## Description of the task
In the data below, locate the line containing "Martial Peak Chapter 3186-eng-li - Page 11" and the line containing "Co z tym Krakowem jest nie tak?", then retype both and everything between them exactly. Pictures are not part of the copy.

## Given entries

--

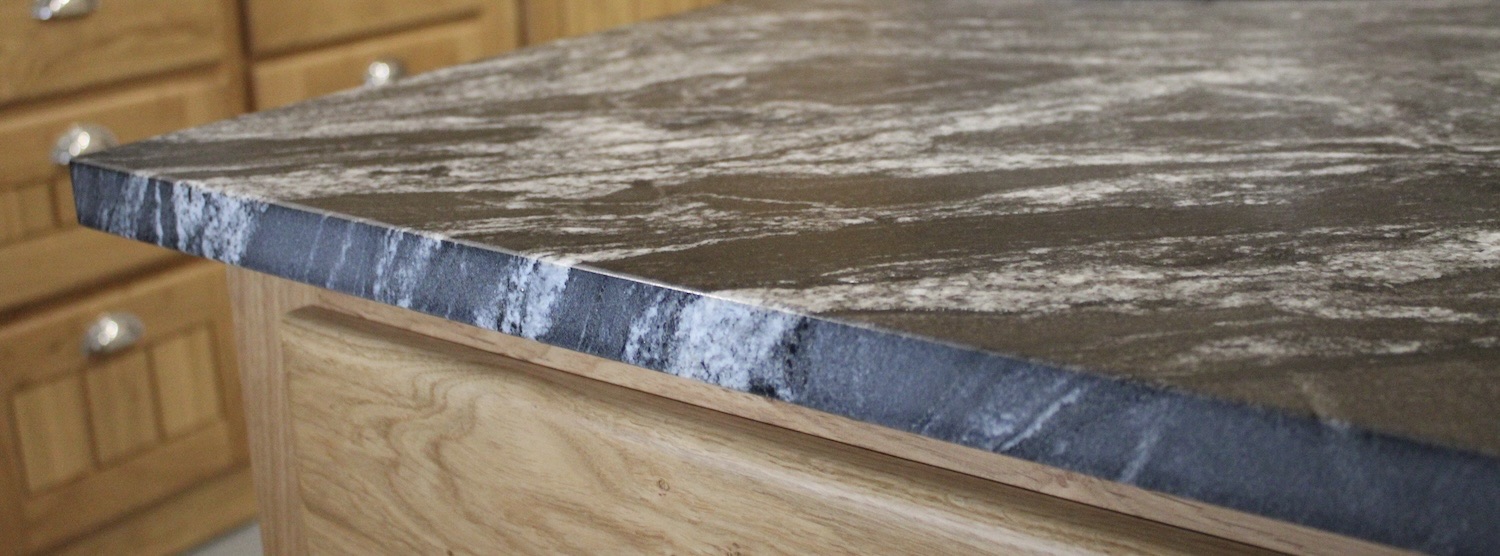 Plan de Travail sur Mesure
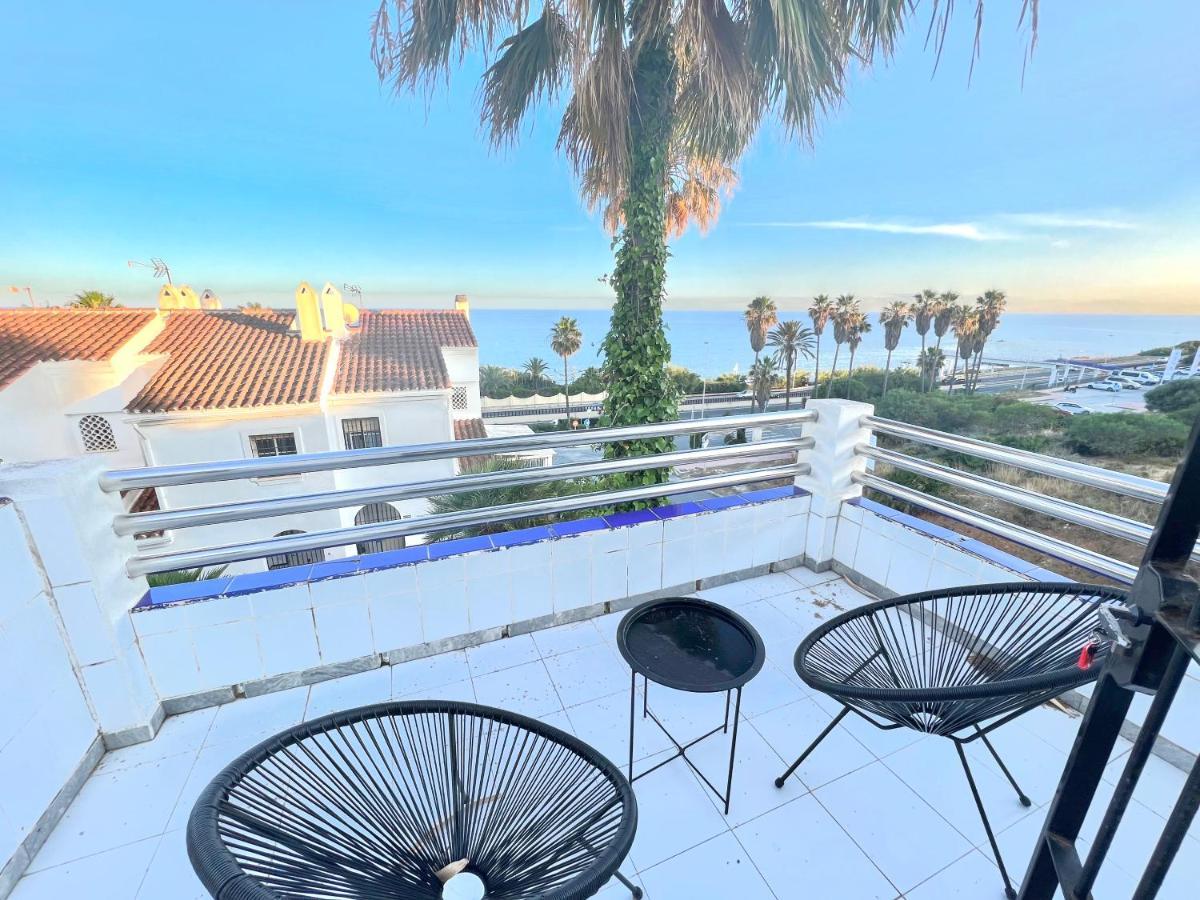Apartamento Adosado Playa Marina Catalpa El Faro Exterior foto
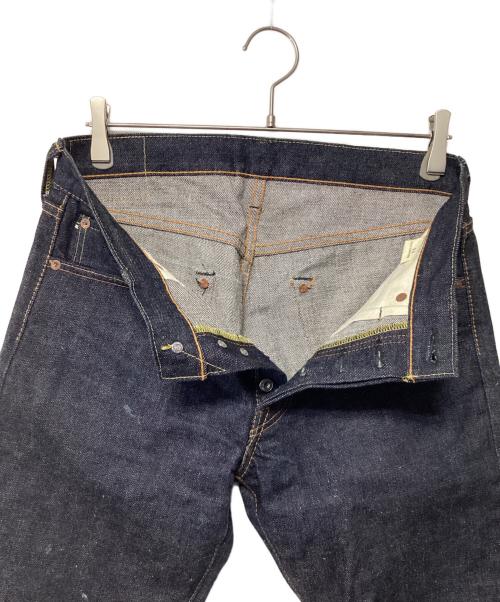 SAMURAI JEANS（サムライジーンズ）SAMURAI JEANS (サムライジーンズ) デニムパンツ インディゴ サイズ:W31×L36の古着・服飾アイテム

--

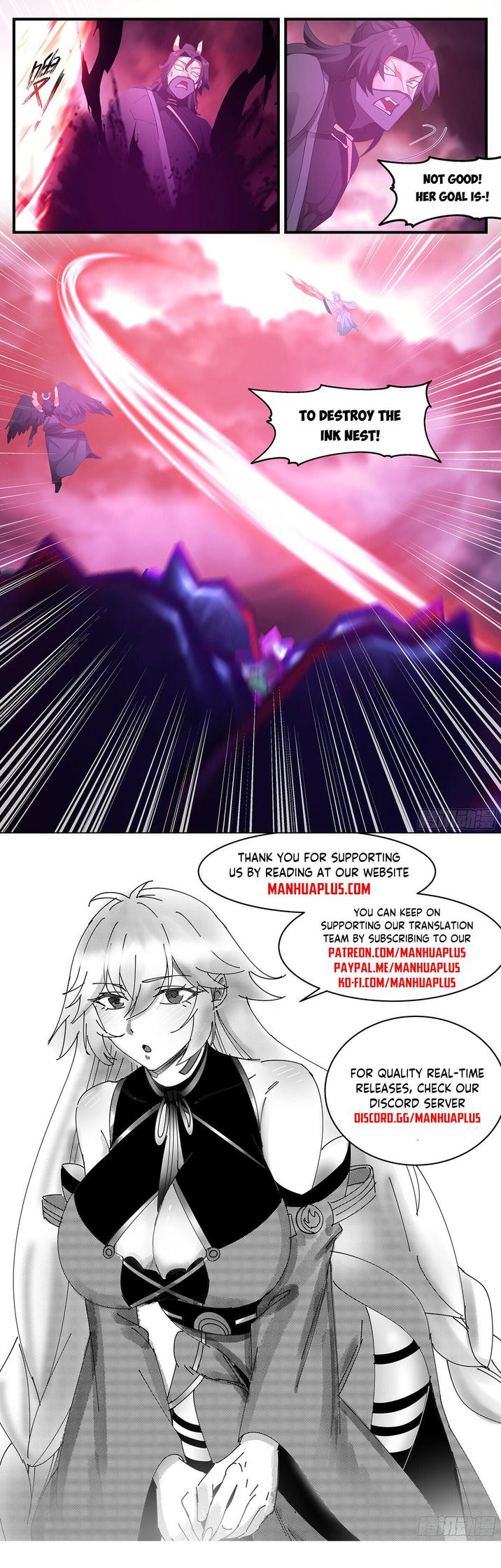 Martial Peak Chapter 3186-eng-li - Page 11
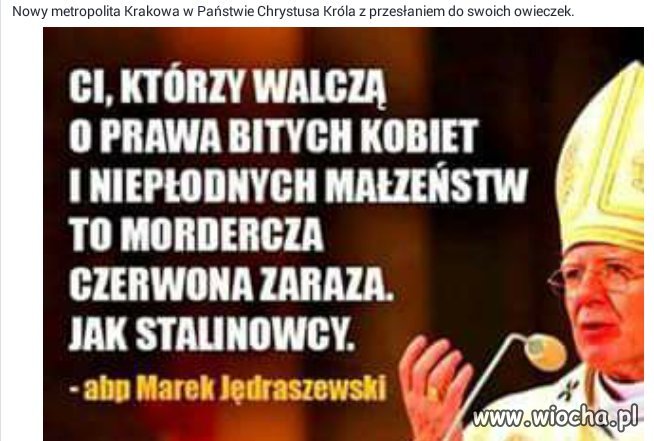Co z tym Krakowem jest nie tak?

--

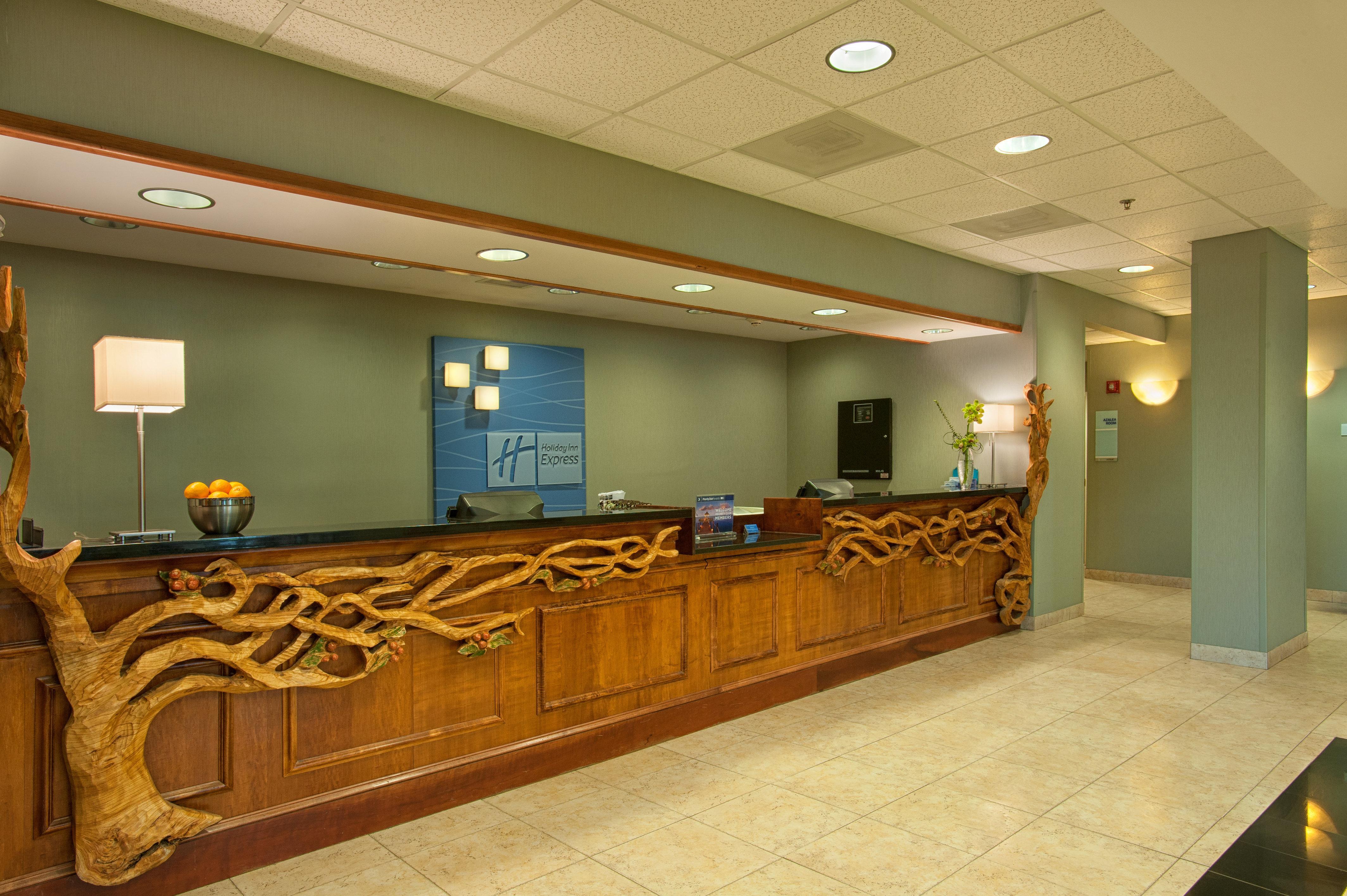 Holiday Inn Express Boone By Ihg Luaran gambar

--

## Output for this task
 Martial Peak Chapter 3186-eng-li - Page 11
Co z tym Krakowem jest nie tak?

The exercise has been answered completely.